Non seulement tu agaces une fois de plus tout le monde en n'avançant qu'à la vitesse d'un famélique escargot namurois mais tu t'étonnes quand cette pauvre personne te dépasse "en te frôlant", ce qui semble normal vu l'étroitesse de la route ("pas vraiment assez étroite pour empêcher le croisement de véhicules, mais suffisamment pour montrer une certaine prudence, vu l’état du revêtement de la chaussée, sur les côtés"). 
Et enfin quand ce gentil automobiliste peut enfin reprendre une vitesse normale après 15 minutes d'attente, ne voilà-t-il pas que tu lui adresses l'une des deux seules injures possibles depuis l'intérieur d'une voitre : un appel de phare (la seconde injure étant le coup de klaxon de longue durée).

Serait-ce pour alimenter ta quotidienne chronique à la verve ironico-moralisatrice que tu provoques ainsi le courroux d'aimables citoyens respectueux ?
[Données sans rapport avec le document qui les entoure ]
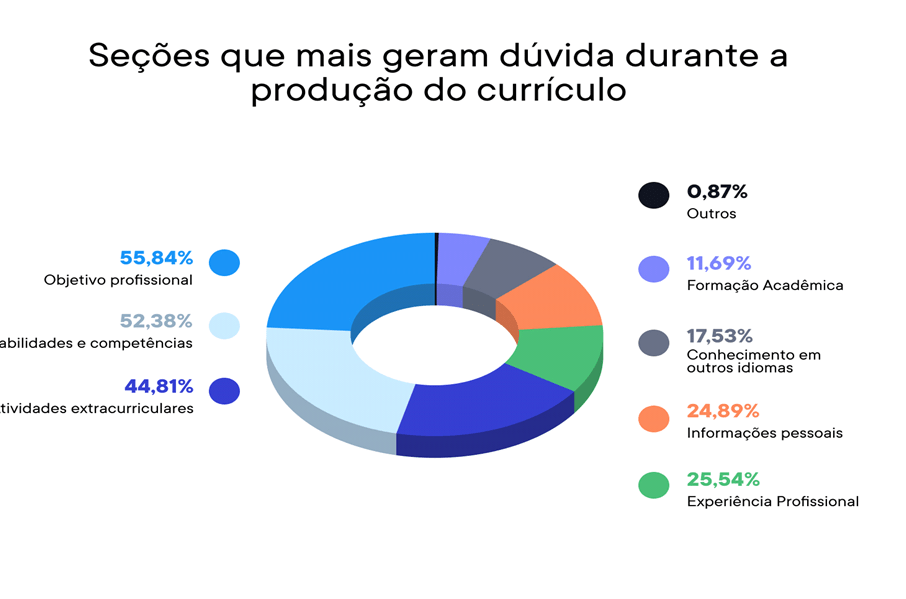 CV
Prend donc exemple sur moi.
Lorsque j'aborde ce genre de petites routes bucholiques, j'exploite généreusement les 185 chevaux de mon véhicule à la recherche du mur du son. Ainsi je ne gêne pas, par ma lenteur, les honnêtes gens pressés, les véhicules lents qui apparaissent devant moi deviennent bien vite un souvenir au fond de mon rétroviseur et le son des oiseaux qui piaillent joyeusement dans les bois n'est perturbé qu'un micro-millième de seconde par mon passage. Tu vois, la vitesse, il n'y a que ça de vrai pour la paix dans le monde ;-)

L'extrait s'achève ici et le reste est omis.